Rares sont les policiers responsables des violations perpétrées à cette époque (actes de torture, morts en détention, exécutions extrajudiciaires, « disparitions », etc.) qui aient été traduits en justice. Certains agents de l’État en ont conclu qu’ils pouvaient, aujourd’hui comme hier, violer en toute impunité les droits fondamentaux des individus.

Certains policiers du Pendjab ont souvent recours à la torture au lieu d’appliquer des méthodes normales d’enquête, ou encore à des fins personnelles ou pour extorquer de l’argent à leurs victimes. Les surcharges de travail, l’insuffisance des moyens, l’intimidation ou la lassitude sont autant de facteurs qui rendent plus probables les violences en détention.

« Aujourd’hui, les victimes de la torture appartiennent le plus souvent aux catégories économiquement et socialement les plus défavorisées, explique l’organisation. Beaucoup sont des femmes, des dalits (opprimés) ou des personnes issues des couches les plus pauvres de la société. Les défenseurs des droits humains sont aussi fréquemment victimes d’actes de harcèlement et de mauvais traitements. »

« Les auteurs de violations font rarement l’objet de sanctions, car les autres acteurs du système de justice pénale - procureurs, tribunaux, avocats et médecins - font preuve d’une grande tolérance en la matière », poursuit Amnesty International.

La Commission des droits humains du Pendjab n’a pour l’instant ni les pouvoirs ni les moyens ni l’autonomie institutionnelle susceptibles de lui permettre de jouer efficacement son rôle de rempart contre la torture et les mauvais traitements à l’échelle de l’État.

La situation au Pendjab aujourd’hui devrait servir d’avertissement aux États indiens actuellement touchés par des conflits armés (Jammu-et-Cachemire et États du nord-est du pays, notamment). Les auteurs d’atteintes aux droits humains dans un contexte de violence prolongée et généralisée doivent être tenus responsables de leurs actes, car tout laxisme à cet égard aura des répercussions à long terme, après la fin des conflits, pour l’exercice des droits fondamentaux de la personne humaine.

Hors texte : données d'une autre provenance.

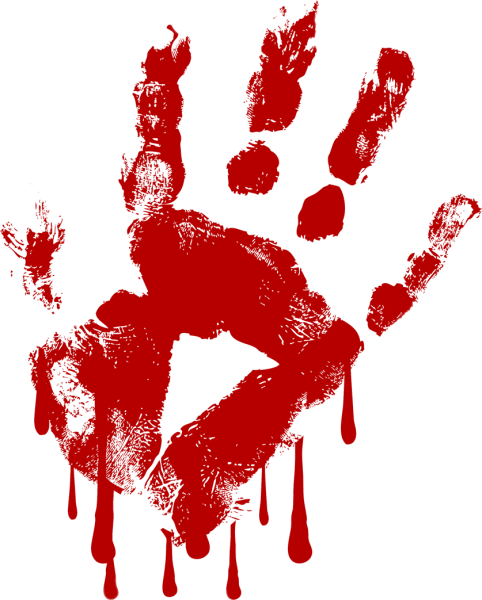 Кровавый отпечаток руки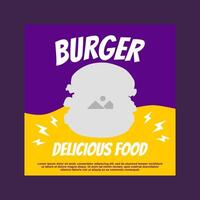 Jaune et violet social médias Publier modèle conception pour Burger restaurant promotion vecteur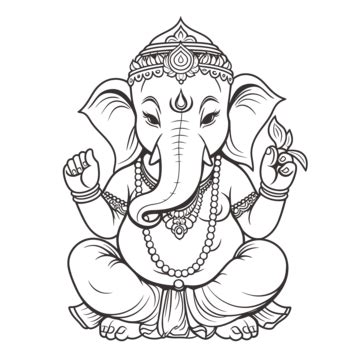 Ganpati Bappa Coloring Page PNG Transparent Images Free Download ...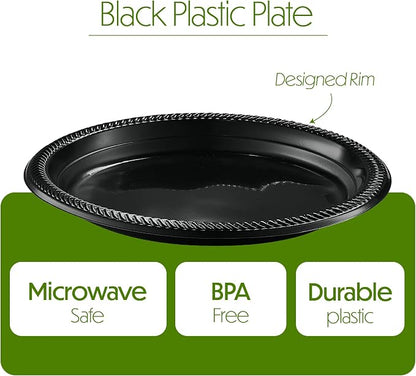 PLASTICPRO 100 PCS Black Plastic Plates Light Weight 10'' Inch Plastic Dinner - Image 5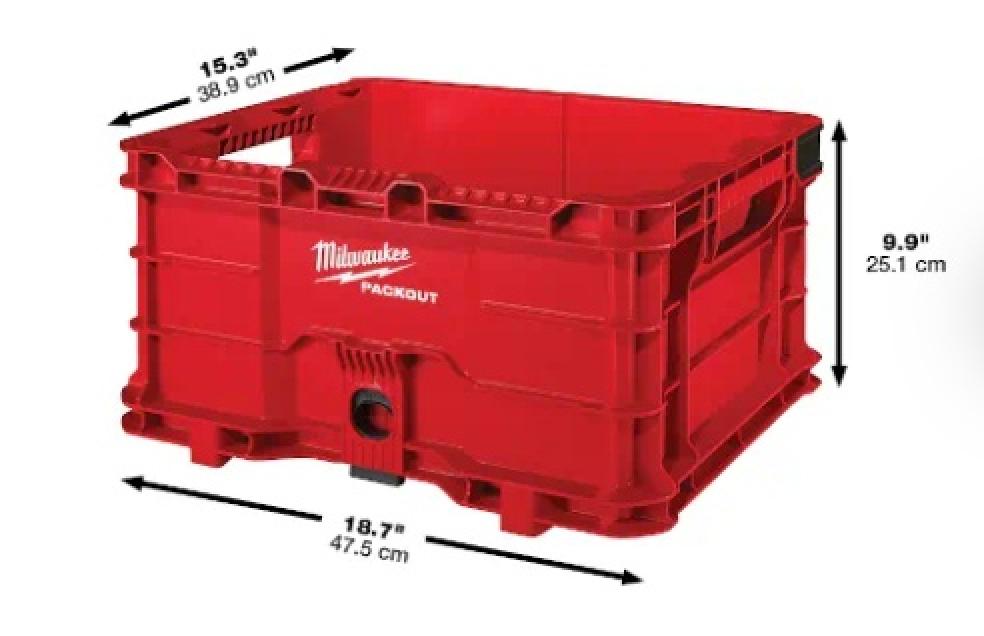 Milwaukee PACKOUT™ Crate with External Dimensions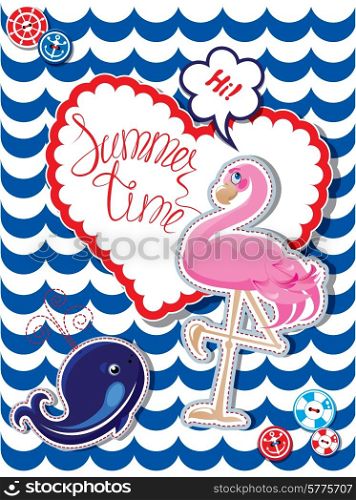 Funny Card with pink flamingo and blur whale on stripe background. Heart frame with calligraphic words Summer Time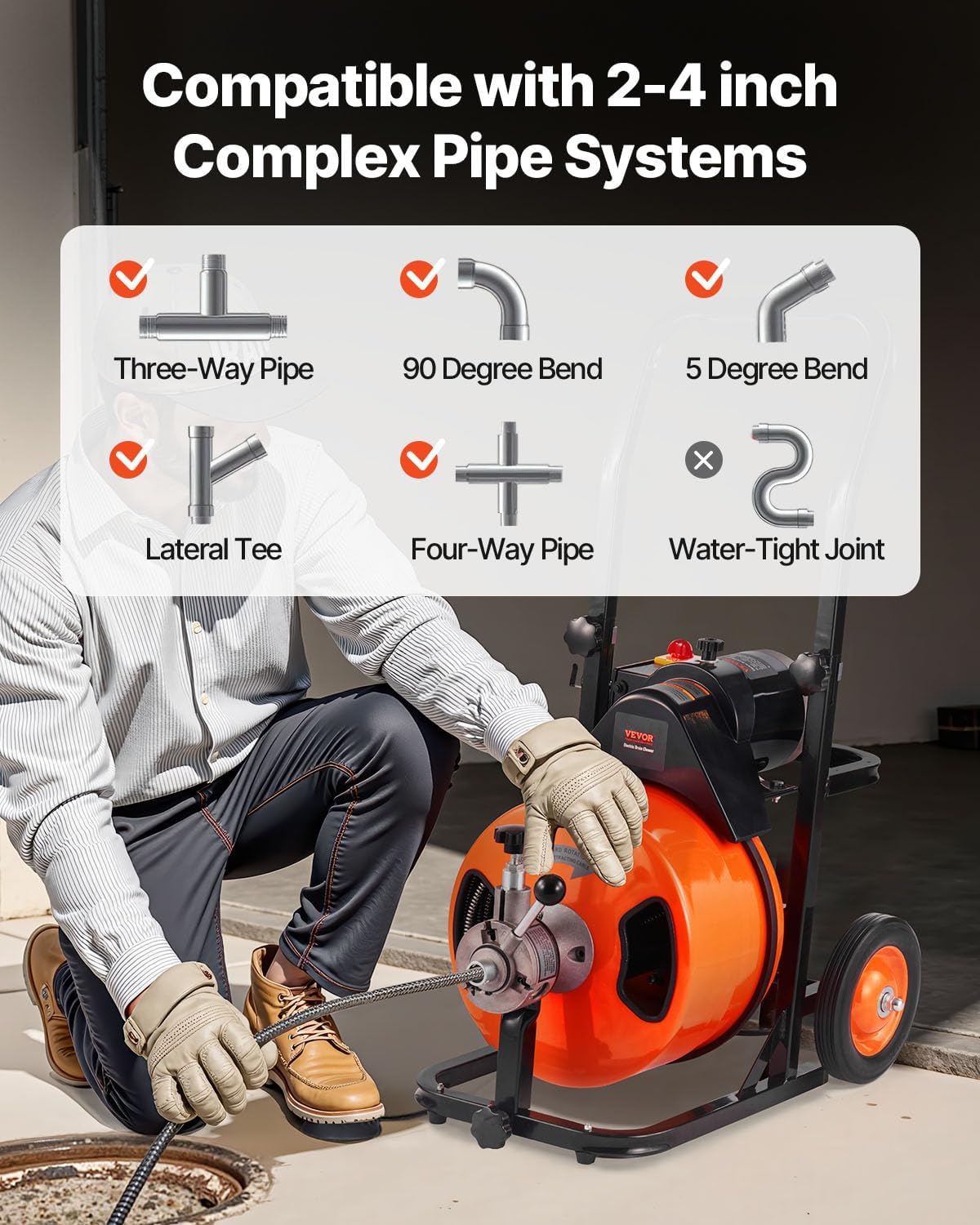 VEVOR Drain Cleaner Machine 75FT x 1/2Inch, Auto Feed Sewer Snake Auger with 4 Cutter & Air-activated Foot Switch for 2" to 4" Pipes, Orange, Black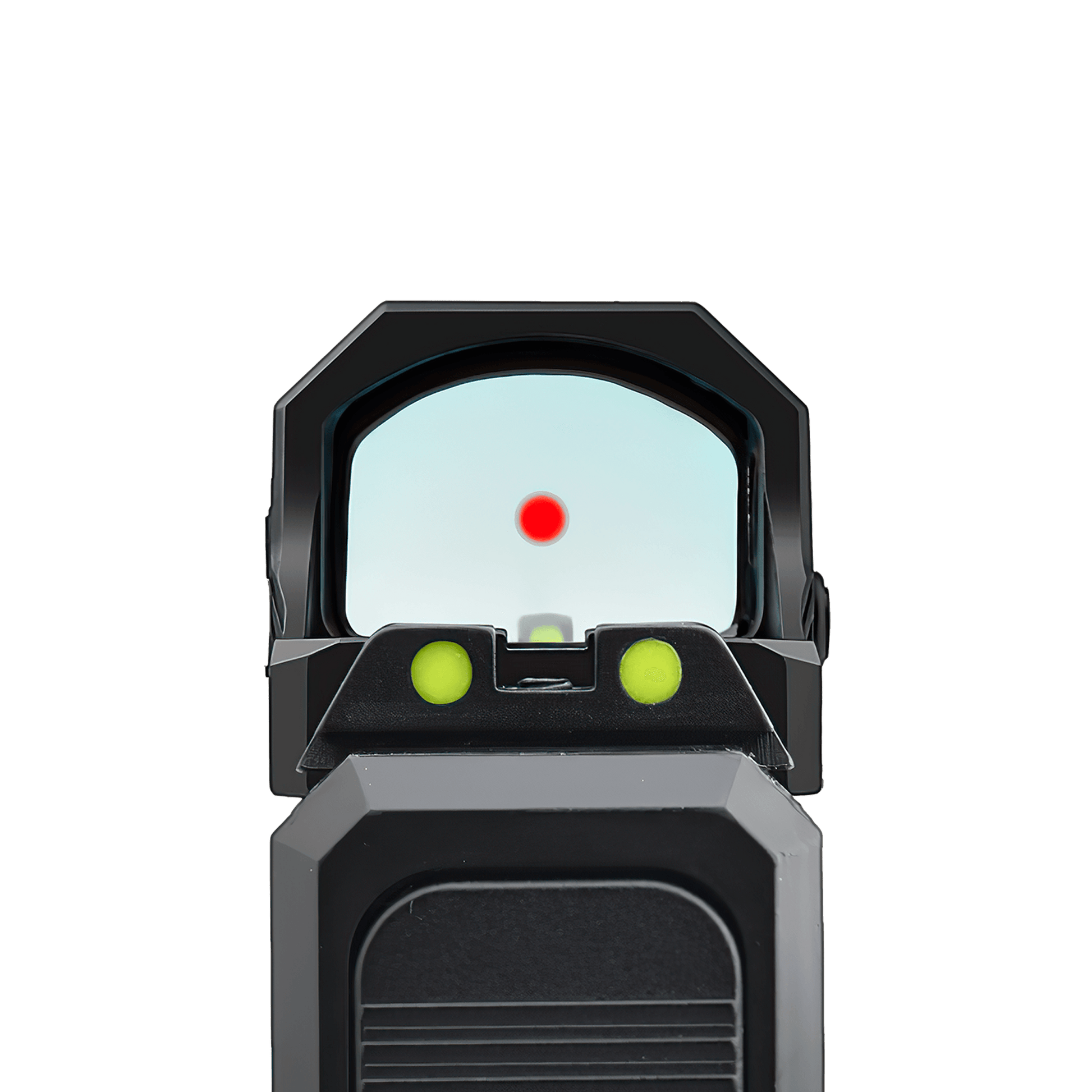 a close up of a red dot sight on a black background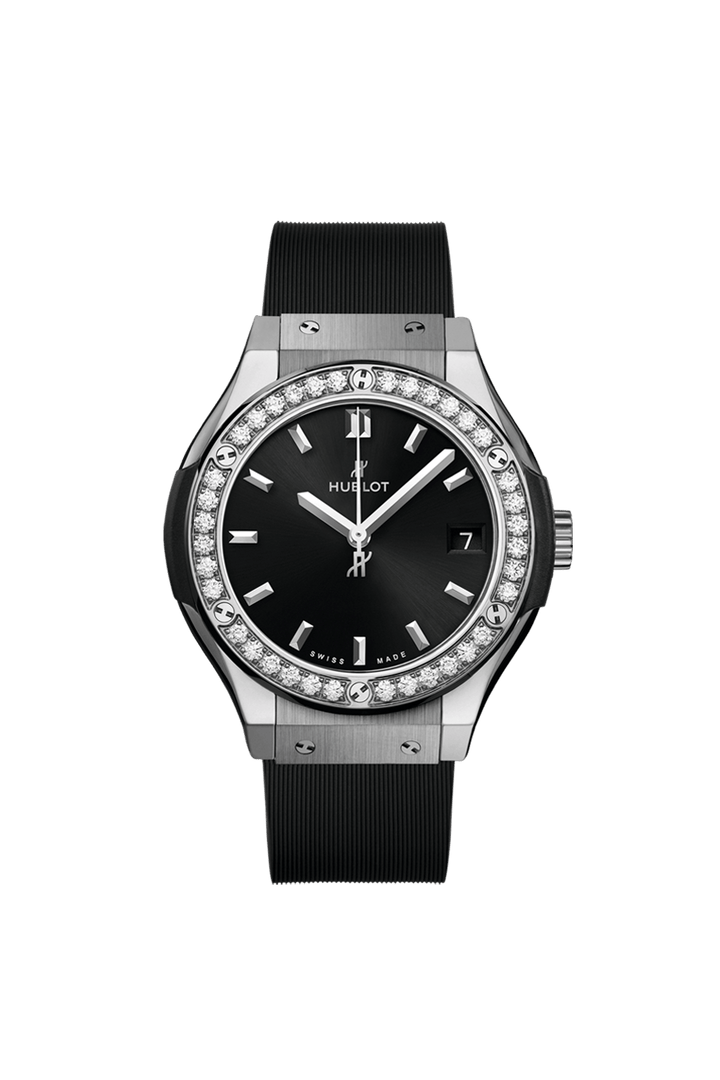 Hublot Classic Fusion Titanium Diamonds 581.NX.1470.RX.1104 - cassa titanio - cinturino caucciù nero - quadrante nero con datario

Ce nouveau rapport s’inscrit dans le cadre de la campagne mondiale d’Amnesty International contre la torture. Cette campagne est l’occasion pour l’organisation de rappeler ses préoccupations concernant l’usage de la torture dans d’autres États indiens, comme le Bengale occidental, l’Uttar Pradesh ou le Rajasthan, ainsi que dans toute une série de pays, parmi lesquels le Brésil, la Chine, les États-Unis d’Amérique, la Fédération de Russie ou le Pakistan.

Contexte
Le Pendjab a connu, entre le milieu des années 1980 et le milieu des années 1990, une décennie de violence politique, inaugurée par l’entrée en dissidence armée d’un courant de la communauté sikh, qui entendait ainsi bâtir un État indépendant pour cette dernière. Pendant cette période, des groupes armés d’opposition ont assassiné des policiers, des élus et des fonctionnaires de l’administration. Les forces de sécurité se sont livrées à des arrestations illégales et infondées, à des actes de torture et à des exécutions extrajudiciaires. Des milliers de civils ont été victimes de la violence exercée d’un côté comme de l’autre.